The idea is that by moving the elements over large gaps, the array becomes partially sorted quite quickly. This makes later passes faster because they don't have to swap so many items anymore.

Once a pass has been completed, the gap is made smaller and a new pass starts. This repeats until the gap has size 1, at which point the algorithm functions just like insertion sort. But since the data is already fairly well sorted by then, the final pass can be very quick.

An example

Suppose we want to sort the array [64, 20, 50, 33, 72, 10, 23, -1, 4] using shell sort.

We start by dividing the length of the array by 2:

n = floor(9/2) = 4

This is the gap size.

We create n sublists. In each sublist, the items are spaced apart by a gap of size n. In our example, we need to make four of these sublists. The sublists are sorted by the insertionSort() function.

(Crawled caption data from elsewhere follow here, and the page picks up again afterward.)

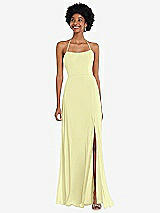 Alt View 1 Thumbnail - Butter Yellow Scoop Neck Convertible Tie-Strap Maxi Dress with Front Slit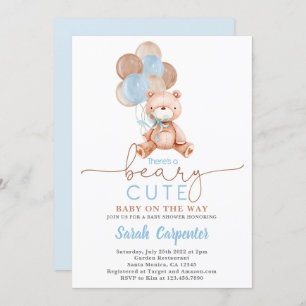 Teddy Bear Balloons Baby shower Boy Kaart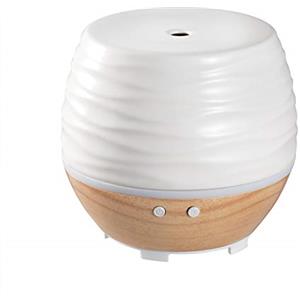 Homedics Ellia, Diffusore di Aromi e Oli Essenziali ad Ultrasuoni, Profumatore per Ambienti in Ceramica e Legno, Umidificatore Ambiente, Diffusore Ambiente con Luci Ambientali, Crema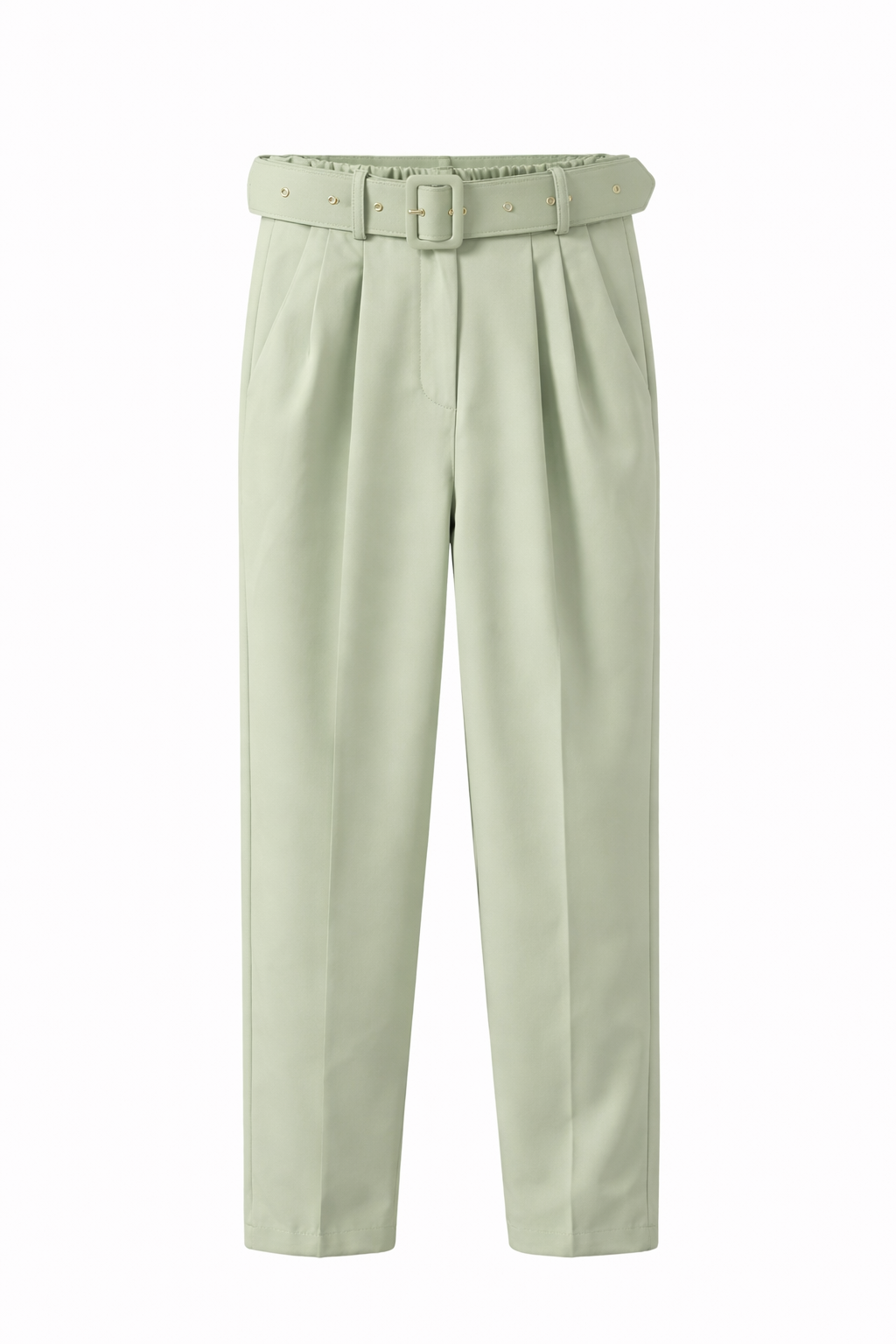 Sage Green Trousers with Gold Accents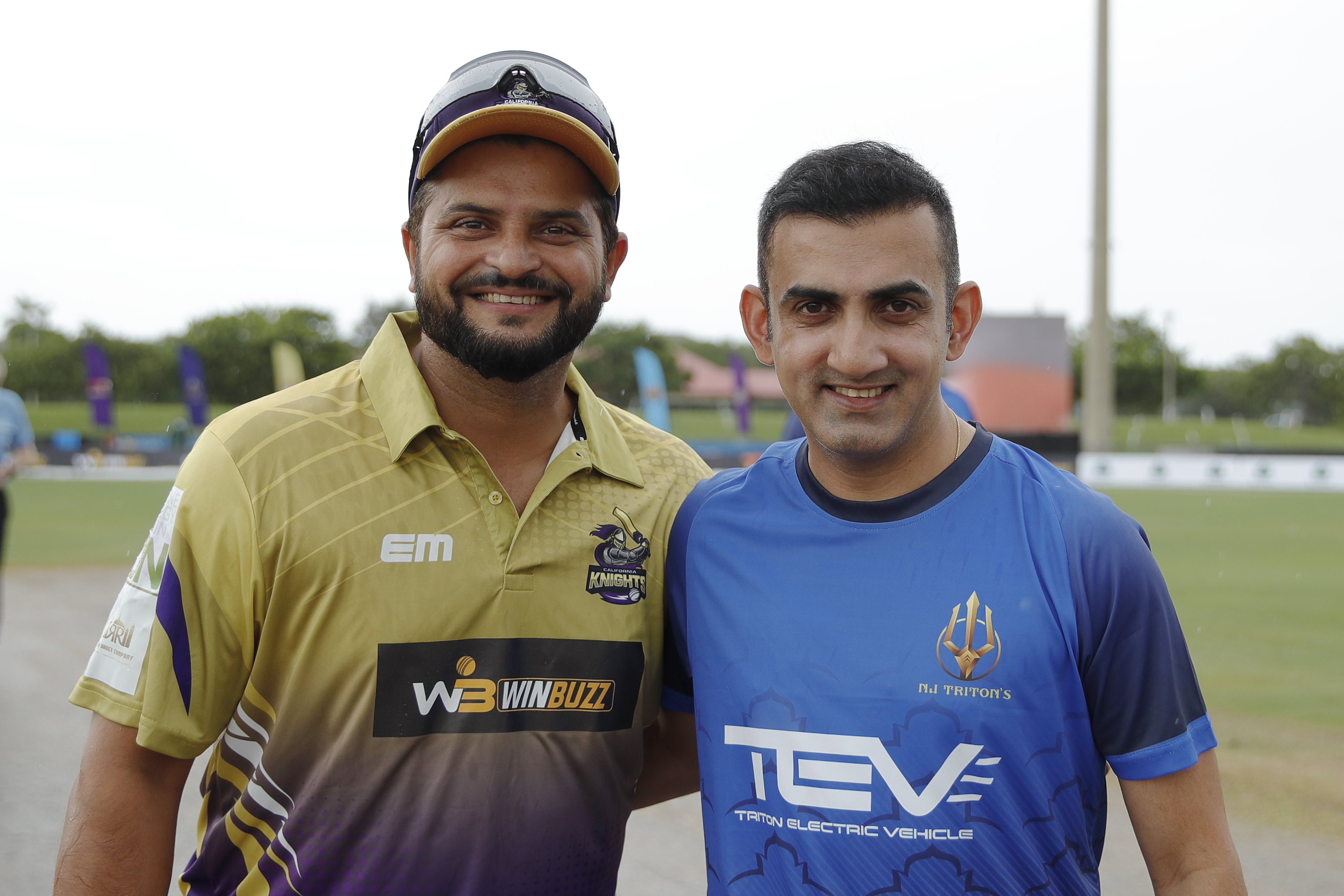SURESH RAINA (c) of California Knights and Gautam Gambhir (c) of NJ Tritons during match 1 of the US Masters T10 League between the Atlanta Riders and the Texas Chargers at the Central Broward Park in Lauderhill, Florida on the 18 August 2023Photo by Saikat Das / ACEIMAGES for US Masters T10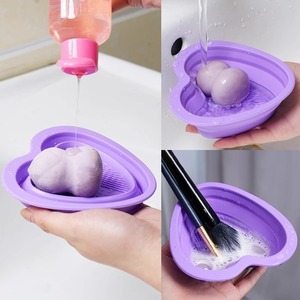 Tampon nettoyant en silicone en forme de cœur pour pinceaux de maquillage, 12,8x12x4,4 cm, pour le nettoyage des Beauty Blender et des houppettes à poudre - Product Image 3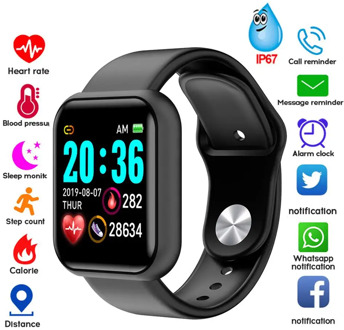 Y68 Men Women Waterproof Heart Rate Blood Pressure Monitor Bluetooth Smart Bracelet for iOS Android Fitness Tracker Smartwatch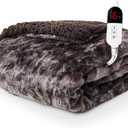 Electric Heated Blanket Twin Size - Faux Fur Sherpa 62"x84" Fast Heating Bed Blankets Throw with 6 Heating Levels & 10 Hours Auto Off, Over-Heat Protection ETL, Brown
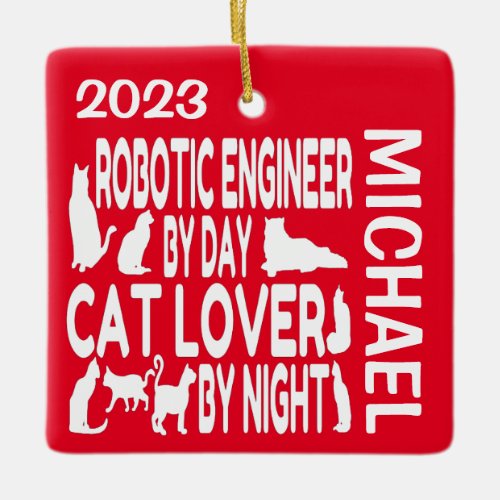 Robotic Engineer Loves Cats CUSTOM Ceramic Ornament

That may not have made a whole lot of sense, so let's take a closer look at what happens.

The first pass is as follows. We have n = 4, so we make four sublists:

sublist 0:  [ 64, xx, xx, xx, 72, xx, xx, xx, 4  ]
sublist 1:  [ xx, 20, xx, xx, xx, 10, xx, xx, xx ]
sublist 2:  [ xx, xx, 50, xx, xx, xx, 23, xx, xx ]
sublist 3:  [ xx, xx, xx, 33, xx, xx, xx, -1, xx ]

As you can see, each sublist contains only every 4th item from the original array. The items that are not in a sublist are marked with xx. So the first sublist is [ 64, 72, 4 ] and the second is [ 20, 10 ], and so on. The reason we use this "gap" is so that we don't have to actually make new arrays. Instead, we interleave them in the original array.

We now call insertionSort() once on each sublist.

This particular version of insertion sort sorts from the back to the front. Each item in the sublist is compared against the others. If they're in the wrong order, the value is swapped and travels all the way down until we reach the start of the sublist.

So for sublist 0, we swap 4 with 72, then swap 4 with 64. After sorting, this sublist looks like:

sublist 0:  [ 4, xx, xx, xx, 64, xx, xx, xx, 72 ]

The other three sublists after sorting:

sublist 1:  [ xx, 10, xx, xx, xx, 20, xx, xx, xx ]
sublist 2:  [ xx, xx, 23, xx, xx, xx, 50, xx, xx ]
sublist 3:  [ xx, xx, xx, -1, xx, xx, xx, 33, xx ]

The total array looks like this now:

[ 4, 10, 23, -1, 64, 20, 50, 33, 72 ]

It's not entirely sorted yet but it's more sorted than before. This completes the first pass.

In the second pass, we divide the gap size by two:

n = floor(4/2) = 2

That means we now create only two sublists:

sublist 0:  [  4, xx, 23, xx, 64, xx, 50, xx, 72 ]
sublist 1:  [ xx, 10, xx, -1, xx, 20, xx, 33, xx ]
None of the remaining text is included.